Dalla carriera legale al successo di Sandokan
La sua partecipazione giunge proprio durante il cinquantesimo compleanno della serie storica con Kabir Bedi, creando un ponte emozionante tra passato e presente. Nato a Istanbul, Can Yaman vanta un percorso accademico d’eccellenza: ha studiato al liceo italiano e ha ottenuto la laurea in Giurisprudenza. Tuttavia, ha scelto di abbandonare i tribunali per inseguire la recitazione. Il pubblico lo adora per titoli come Bitter Sweet, Day Dreamer e il più recente Il Turco. Nel 2019, la rivista GQ lo ha persino premiato come uomo dell’anno, confermando una versatilità che lo rende unico nel panorama dello spettacolo contemporaneo.

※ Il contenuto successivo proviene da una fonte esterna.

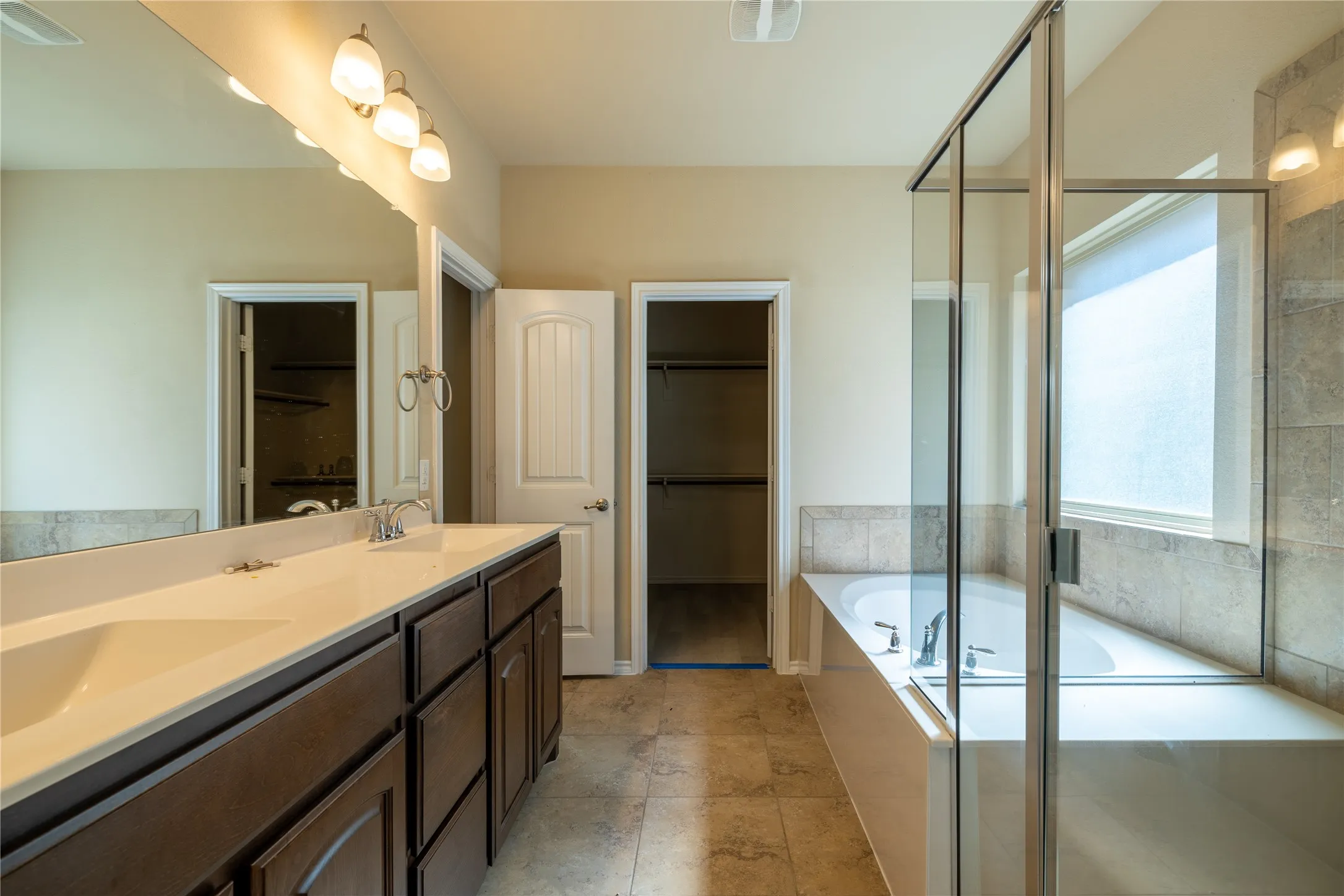 Single Family Residence For Rent in Denton County , 2813 Saddle Creek Drive, Fort Worth, Texas 76177, 5 Bedroom, 4 Bathroom, 2 Garage spaces, 2,850 Sqft, built in 2016, mls#21346479, Real Estate Agent in Fort Worth, Homes For Rent in Denton county, Homes For Rent in Fort Worth, Realtor in Fort Worth Texas, Real Estate Brokerage Independent Realty Texas, Luminita Cordes Realtor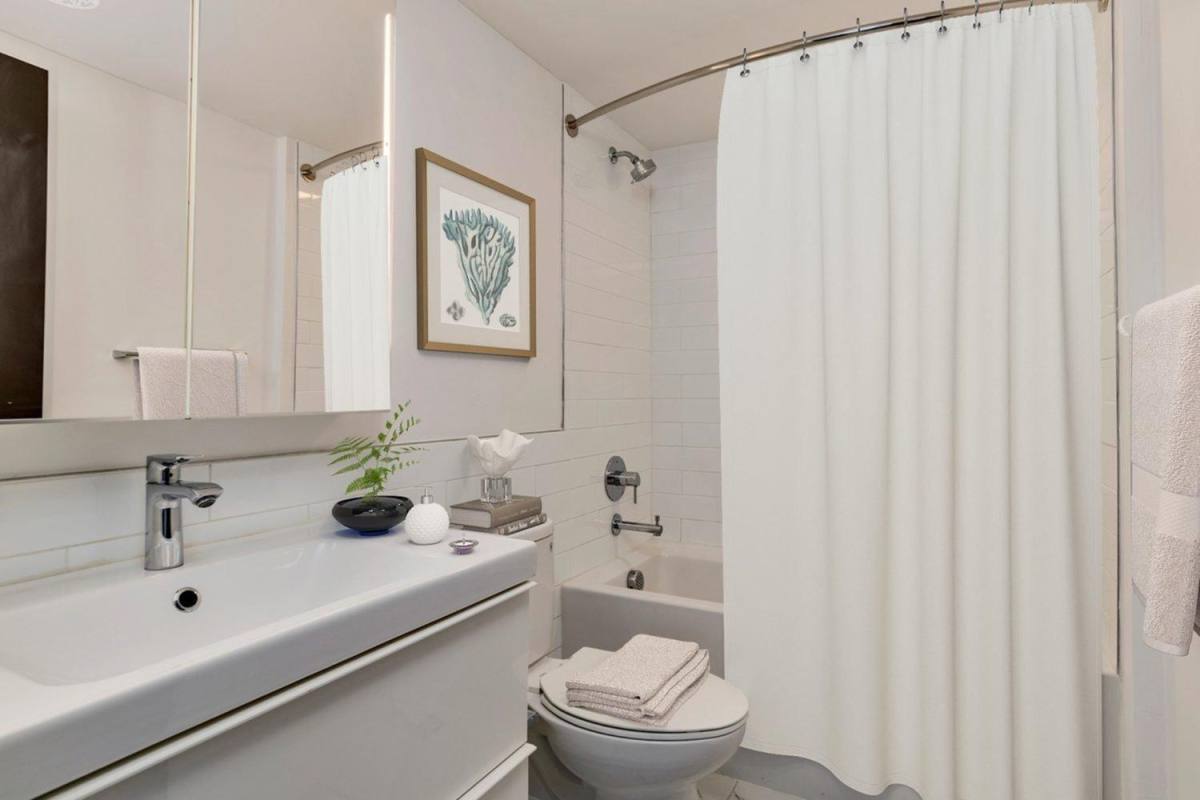 Apartment for rent at Summit at Wash Park, 90 S Logan St, Denver, CO 80209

Solidarietà e fascino sul palco dell’Ariston
Durante la prima serata, l’attore non si limiterà a una breve apparizione, ma presenterà i trenta brani in competizione. Can Yaman affronterà così la sua prima vera sfida come presentatore dal vivo in Italia. Oltre agli impegni artistici, l’attore dedica molte energie al sociale tramite la sua fondazione Can Yaman for Children, nata nel 2021 per sostenere gli adolescenti in difficoltà. La sua presenza a Sanremo promette di mescolare eleganza, impegno e stile internazionale, unendo generazioni diverse sotto il segno della grande musica e del carisma televisivo.